# I Need Major Help!



## megan ann (Mar 20, 2011)

Does anyone know a good name for a group of ages 12-18 for horseback riding?. for like shows and stuff!
:think::think::think:


----------



## Reiterin (Mar 28, 2010)

Sorry. I can't help ya. I've never been good at coming up with names. =P


----------



## Fluffy Pony (May 2, 2010)

I will name off a few 4H clubs that I know of. 
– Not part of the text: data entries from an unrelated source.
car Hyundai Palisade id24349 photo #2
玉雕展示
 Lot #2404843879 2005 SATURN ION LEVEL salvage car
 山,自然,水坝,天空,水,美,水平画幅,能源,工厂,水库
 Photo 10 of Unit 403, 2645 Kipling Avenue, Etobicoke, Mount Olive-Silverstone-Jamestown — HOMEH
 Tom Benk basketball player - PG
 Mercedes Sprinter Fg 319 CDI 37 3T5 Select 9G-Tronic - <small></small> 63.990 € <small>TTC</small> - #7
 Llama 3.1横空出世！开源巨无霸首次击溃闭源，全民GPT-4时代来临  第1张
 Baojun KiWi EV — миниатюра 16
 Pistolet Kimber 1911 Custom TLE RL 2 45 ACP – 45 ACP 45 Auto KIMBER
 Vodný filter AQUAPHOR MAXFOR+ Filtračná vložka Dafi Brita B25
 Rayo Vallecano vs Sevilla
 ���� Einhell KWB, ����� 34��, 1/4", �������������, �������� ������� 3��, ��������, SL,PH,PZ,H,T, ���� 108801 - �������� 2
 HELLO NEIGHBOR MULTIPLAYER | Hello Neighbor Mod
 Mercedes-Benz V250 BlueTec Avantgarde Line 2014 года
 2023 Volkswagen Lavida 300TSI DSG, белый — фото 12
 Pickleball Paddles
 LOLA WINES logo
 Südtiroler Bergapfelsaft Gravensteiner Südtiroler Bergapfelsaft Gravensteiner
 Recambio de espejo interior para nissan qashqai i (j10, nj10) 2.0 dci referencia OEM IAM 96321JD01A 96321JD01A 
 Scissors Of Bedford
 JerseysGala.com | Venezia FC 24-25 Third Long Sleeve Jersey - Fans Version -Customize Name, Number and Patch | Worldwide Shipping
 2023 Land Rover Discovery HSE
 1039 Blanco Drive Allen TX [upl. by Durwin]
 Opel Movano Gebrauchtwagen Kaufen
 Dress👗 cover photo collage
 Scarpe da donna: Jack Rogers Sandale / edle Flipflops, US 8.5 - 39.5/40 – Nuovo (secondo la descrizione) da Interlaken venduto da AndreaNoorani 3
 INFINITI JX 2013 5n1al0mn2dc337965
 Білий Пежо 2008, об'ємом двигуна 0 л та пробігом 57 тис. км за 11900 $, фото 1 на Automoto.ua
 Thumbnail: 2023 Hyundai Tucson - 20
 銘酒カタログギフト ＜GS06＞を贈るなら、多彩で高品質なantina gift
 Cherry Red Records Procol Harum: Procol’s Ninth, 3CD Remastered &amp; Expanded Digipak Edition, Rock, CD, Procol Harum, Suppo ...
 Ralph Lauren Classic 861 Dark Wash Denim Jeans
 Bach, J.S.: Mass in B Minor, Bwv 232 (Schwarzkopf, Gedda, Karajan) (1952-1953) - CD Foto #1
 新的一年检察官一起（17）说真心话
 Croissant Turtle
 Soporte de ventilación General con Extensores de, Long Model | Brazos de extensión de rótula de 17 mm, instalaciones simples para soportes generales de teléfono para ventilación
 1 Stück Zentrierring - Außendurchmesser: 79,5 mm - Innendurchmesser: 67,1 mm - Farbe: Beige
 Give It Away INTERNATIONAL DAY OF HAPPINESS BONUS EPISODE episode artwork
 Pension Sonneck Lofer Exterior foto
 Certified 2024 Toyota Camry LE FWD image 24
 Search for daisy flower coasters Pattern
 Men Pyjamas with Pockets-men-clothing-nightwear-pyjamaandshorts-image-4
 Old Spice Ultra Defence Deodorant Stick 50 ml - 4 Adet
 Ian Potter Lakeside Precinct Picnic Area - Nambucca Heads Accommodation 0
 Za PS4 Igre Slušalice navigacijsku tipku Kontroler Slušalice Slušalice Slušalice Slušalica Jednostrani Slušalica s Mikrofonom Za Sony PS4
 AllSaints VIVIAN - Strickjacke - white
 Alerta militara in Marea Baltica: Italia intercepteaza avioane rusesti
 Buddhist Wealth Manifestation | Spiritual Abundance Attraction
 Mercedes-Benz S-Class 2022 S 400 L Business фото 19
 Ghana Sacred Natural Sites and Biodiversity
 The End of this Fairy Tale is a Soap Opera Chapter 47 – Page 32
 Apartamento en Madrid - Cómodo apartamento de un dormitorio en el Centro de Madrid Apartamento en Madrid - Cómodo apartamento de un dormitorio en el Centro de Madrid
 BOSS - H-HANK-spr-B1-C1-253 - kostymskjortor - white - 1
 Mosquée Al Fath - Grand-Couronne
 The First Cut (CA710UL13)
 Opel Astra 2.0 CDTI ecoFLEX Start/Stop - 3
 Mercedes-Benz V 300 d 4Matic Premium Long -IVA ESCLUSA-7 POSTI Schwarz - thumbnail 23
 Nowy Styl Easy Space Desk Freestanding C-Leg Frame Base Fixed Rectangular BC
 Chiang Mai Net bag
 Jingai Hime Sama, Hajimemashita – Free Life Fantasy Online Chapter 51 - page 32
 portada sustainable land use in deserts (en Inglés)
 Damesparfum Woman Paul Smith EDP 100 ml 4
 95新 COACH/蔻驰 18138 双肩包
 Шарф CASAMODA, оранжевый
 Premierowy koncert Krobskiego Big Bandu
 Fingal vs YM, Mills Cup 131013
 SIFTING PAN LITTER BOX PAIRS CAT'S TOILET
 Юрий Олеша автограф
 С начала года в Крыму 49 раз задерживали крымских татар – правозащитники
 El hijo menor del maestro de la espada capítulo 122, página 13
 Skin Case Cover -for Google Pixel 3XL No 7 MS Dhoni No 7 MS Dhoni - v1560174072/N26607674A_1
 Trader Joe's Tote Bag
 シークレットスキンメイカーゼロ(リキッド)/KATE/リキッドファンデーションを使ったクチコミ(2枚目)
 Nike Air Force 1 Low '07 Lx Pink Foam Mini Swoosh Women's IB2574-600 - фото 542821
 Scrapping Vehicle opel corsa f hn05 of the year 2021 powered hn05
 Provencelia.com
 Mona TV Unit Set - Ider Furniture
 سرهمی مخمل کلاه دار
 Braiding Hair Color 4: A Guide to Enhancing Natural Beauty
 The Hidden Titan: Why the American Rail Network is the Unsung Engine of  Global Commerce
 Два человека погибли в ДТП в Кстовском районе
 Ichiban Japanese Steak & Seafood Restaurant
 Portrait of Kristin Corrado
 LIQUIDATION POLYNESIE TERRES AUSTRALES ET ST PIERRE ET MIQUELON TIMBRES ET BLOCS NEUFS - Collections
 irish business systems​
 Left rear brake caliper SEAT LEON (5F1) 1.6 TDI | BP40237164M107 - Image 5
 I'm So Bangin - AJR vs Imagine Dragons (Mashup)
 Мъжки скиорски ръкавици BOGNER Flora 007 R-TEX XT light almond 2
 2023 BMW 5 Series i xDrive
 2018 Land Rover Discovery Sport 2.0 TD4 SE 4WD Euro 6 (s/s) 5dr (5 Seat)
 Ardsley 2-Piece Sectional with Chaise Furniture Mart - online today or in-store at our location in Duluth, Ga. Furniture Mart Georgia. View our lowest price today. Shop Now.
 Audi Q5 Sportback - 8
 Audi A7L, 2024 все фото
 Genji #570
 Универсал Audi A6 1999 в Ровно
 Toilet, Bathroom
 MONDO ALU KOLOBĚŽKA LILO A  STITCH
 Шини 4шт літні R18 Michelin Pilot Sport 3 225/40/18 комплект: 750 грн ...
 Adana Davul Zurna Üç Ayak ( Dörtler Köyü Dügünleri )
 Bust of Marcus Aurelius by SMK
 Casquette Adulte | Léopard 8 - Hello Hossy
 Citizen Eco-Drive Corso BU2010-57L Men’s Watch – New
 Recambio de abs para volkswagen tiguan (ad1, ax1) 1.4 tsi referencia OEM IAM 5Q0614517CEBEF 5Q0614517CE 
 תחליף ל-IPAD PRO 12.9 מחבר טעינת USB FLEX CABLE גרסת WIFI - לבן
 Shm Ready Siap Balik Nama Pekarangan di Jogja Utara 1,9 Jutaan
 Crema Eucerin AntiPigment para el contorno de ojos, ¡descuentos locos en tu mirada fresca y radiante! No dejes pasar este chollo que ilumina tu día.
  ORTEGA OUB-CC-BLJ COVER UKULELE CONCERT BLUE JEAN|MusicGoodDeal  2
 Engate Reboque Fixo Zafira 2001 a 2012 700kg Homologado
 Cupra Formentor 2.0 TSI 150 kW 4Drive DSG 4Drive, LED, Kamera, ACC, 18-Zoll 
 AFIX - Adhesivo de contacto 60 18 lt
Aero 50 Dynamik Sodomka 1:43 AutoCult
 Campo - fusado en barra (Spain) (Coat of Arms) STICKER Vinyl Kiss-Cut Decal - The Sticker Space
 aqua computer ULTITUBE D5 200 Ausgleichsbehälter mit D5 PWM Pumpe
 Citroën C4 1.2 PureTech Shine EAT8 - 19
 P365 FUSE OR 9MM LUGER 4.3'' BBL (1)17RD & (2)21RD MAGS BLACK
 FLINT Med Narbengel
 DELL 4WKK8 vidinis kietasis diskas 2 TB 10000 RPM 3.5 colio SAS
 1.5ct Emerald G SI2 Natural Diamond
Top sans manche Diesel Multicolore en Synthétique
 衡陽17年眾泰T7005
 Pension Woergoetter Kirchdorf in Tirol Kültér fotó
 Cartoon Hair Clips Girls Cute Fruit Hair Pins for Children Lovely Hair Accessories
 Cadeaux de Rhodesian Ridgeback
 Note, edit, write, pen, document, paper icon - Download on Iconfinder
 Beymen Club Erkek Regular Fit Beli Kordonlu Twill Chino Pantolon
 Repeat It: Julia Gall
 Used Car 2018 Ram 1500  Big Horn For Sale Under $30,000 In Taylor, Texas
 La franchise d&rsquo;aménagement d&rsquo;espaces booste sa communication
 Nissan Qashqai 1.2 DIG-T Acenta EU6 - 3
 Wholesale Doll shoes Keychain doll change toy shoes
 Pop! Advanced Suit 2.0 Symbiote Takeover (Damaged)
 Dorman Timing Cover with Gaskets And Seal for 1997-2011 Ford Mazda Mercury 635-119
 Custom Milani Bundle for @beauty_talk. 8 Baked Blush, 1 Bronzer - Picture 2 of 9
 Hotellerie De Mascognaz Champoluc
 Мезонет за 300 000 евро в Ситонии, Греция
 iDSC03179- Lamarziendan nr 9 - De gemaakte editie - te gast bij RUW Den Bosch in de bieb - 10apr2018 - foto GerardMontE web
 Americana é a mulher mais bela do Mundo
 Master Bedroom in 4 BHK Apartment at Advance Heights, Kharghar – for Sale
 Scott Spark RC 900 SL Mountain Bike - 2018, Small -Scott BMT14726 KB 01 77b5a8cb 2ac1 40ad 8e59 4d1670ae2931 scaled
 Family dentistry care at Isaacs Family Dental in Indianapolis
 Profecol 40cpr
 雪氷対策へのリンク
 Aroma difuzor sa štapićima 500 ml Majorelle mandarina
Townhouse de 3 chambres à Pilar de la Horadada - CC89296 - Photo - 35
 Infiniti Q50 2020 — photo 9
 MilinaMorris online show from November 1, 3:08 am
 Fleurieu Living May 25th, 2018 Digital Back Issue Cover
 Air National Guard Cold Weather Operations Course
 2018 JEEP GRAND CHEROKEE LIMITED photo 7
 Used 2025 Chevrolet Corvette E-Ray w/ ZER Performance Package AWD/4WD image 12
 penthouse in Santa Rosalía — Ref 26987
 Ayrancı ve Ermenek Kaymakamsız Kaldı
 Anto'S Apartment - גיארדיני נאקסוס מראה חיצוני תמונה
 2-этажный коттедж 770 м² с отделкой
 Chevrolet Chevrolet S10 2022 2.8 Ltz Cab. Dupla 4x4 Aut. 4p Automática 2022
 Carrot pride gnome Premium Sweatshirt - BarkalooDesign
Lazy lopers (thats my old club haha)

Red hill riders

Thundering Hooves

Silver Spur Club

Flying lead

Chinnook Winds

Little Bit Club

Purple Posse


----------



## Marlea Warlea (Apr 27, 2010)

hmm... bridlepath??


----------



## PintoTess (Aug 18, 2010)

Horse Wise
*Silver Snaffles*
Fancy fillies
??
I like Silver snaffles.....


----------



## niamhmaay (Mar 22, 2011)

well, you're from florida heey ? i went to orlando last year on a holiday from australia, i want to move there when i grow up  haha  anyway, i think that you'se could be the "floRIDERS" haha. floriders, thats fair cool (;


----------



## Marlea Warlea (Apr 27, 2010)

that is way cool!!


----------



## SMCLeenie (Mar 3, 2011)

niamhmaay, that is really clever idea, I like floRIDERS too!


----------



## megan ann (Mar 20, 2011)

Reiterin said:


> Sorry. I can't help ya. I've never been good at coming up with names. =P


 
It's okkay  Thanks anyways !♥


----------



## megan ann (Mar 20, 2011)

SMCLeenie said:


> niamhmaay, that is really clever idea, I like floRIDERS too!


 
Lmaoo  Me too but I have to talk to my trainer ,,


----------



## megan ann (Mar 20, 2011)

Okkay I will talk to my trainer about these names  
Thanks ya'll ♥


----------



## megan ann (Mar 20, 2011)

Thank You For All Those Suggestions !


----------